There has been much debate over the origin of the surname "Feather".
Although I don't profess to answer the question, the following are just some suggestions that have been made over the years.
The Yorkshire Evening Post (or News) Newspaper, by Charles Hughes. Date unknown.
What's Your Name number 49. - Feather. The Feathers turn out to be all over the place, but it seems to be a North Country name. Featherstone is in Yorkshire and Featherstonehaugh is an immemorial name in Northumberland. Featherstonehaugh is also one of the longest surnames we possess, if we omit the coupling up of names on the Blantagenet-Smith principle.
Who was the first Mr.
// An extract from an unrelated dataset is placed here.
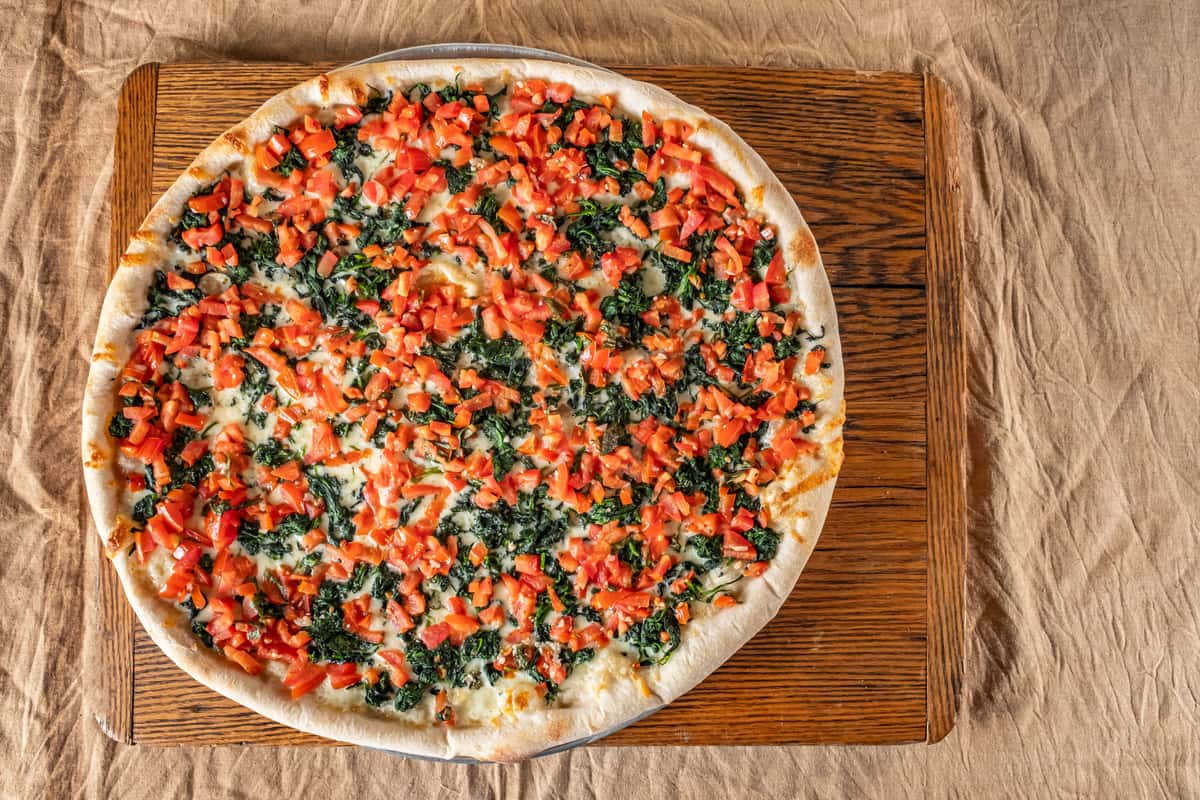 Spinach And Tomato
Feather? One might suppose that he was someone who feathered arrows, when one remembers how many of our surnames do derive from the craft of Archery, but it is not likely. He probably held the Anglo-Scandinavian personal name of Feador, which is a form of father in the Northern dialects.
Why this should be so centered in the Haworth District is guesswork.
Collections relating to the surname of Feather by George W. Marshall L.L.D. Worksop, 1887. (Page 24)
"All the Feathers of England sprang from Haworth"; So we were informed years ago, and certainly Haworth figures amongst the earliest of several Yorkshire places given in Dr. Marshall's valuable pamphlet.
Amongst the wills recorded from Yorkshire Registry of members of this peculiarly named and comparatively small family, William Feather of Darton 1541, and James Feather of Woulley 1517, precede the mention of Robert Feather of Oxenhope, in Haworth, 1590, but nearly all the rest of the wills are those of the Airedale branch.
The Yorkshire Bibliographer Volume 1. pages 134 and 225 Edited by J. Horesfall Turner, Idle, Bradford 1888.
Feathers of Haworth.
Dr. G. W. Marshall has printed (4 pages) of the Monumental Inscriptions in the Churchyard at Haworth, respecting the family of Feather, as a supplementary note to the pamphlet we previously announced. During the holiday or seaside session, an hour might be well spent in copying the tablets in our Churches, or the brasses, or the Churchyard gravestones, and probably many would be pleased to do this if their labours would not be wasted.
"May the Feathers keep flying and may they feather their nests too".
English: from Middle English fether ‘feather’, applied as a metonymic occupational name for a trader in feathers and down, a maker of quilts, or possibly a maker of pens. Feathermongers are recorded from the 13th century onwards. In some cases the surname may have arisen from a nickname denoting a very light person or perhaps a person of no account.Americanized form of German Feder.